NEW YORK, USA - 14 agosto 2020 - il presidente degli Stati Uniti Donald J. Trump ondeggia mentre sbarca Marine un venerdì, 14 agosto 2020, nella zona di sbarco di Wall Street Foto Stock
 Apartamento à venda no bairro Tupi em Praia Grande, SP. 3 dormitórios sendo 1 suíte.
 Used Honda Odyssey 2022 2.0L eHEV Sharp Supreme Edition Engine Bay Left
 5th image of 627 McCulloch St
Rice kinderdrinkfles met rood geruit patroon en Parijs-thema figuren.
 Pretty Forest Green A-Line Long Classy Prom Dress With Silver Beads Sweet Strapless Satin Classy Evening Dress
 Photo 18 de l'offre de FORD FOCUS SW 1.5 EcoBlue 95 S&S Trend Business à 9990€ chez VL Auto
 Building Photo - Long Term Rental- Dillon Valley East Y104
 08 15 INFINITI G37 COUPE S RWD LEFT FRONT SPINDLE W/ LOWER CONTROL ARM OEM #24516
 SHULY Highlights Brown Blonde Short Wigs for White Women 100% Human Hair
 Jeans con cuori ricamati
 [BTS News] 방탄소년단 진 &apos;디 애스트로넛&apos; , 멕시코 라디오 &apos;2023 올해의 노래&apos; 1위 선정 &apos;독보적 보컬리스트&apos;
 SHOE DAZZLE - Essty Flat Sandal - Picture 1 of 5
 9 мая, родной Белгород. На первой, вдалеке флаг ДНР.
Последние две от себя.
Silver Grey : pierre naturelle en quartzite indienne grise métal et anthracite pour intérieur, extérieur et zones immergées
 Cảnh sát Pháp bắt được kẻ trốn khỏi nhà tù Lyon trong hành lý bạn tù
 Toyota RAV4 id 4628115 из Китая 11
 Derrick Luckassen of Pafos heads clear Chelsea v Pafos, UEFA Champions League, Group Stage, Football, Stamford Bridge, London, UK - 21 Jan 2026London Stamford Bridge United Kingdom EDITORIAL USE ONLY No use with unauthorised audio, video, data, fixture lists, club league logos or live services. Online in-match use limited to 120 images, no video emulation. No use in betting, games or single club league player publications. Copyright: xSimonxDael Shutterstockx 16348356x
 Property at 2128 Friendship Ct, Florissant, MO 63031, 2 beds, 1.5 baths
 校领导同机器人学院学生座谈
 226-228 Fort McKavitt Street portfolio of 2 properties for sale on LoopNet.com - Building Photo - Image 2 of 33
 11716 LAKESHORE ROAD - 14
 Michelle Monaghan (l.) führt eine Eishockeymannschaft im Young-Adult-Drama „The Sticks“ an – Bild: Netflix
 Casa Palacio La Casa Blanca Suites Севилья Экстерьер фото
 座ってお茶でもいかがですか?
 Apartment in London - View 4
----
> [INSTRUCTIONS FOR THE TASK]
Only the lines above starting with the one with "SHOE DAZZLE - Essty" and going through the one with "Silver Grey : pierre" are to be copied, word for word and with both ends kept.

> [TASK ANSWER]
 SHOE DAZZLE - Essty Flat Sandal - Picture 1 of 5
 9 мая, родной Белгород. На первой, вдалеке флаг ДНР.
Последние две от себя.
Silver Grey : pierre naturelle en quartzite indienne grise métal et anthracite pour intérieur, extérieur et zones immergées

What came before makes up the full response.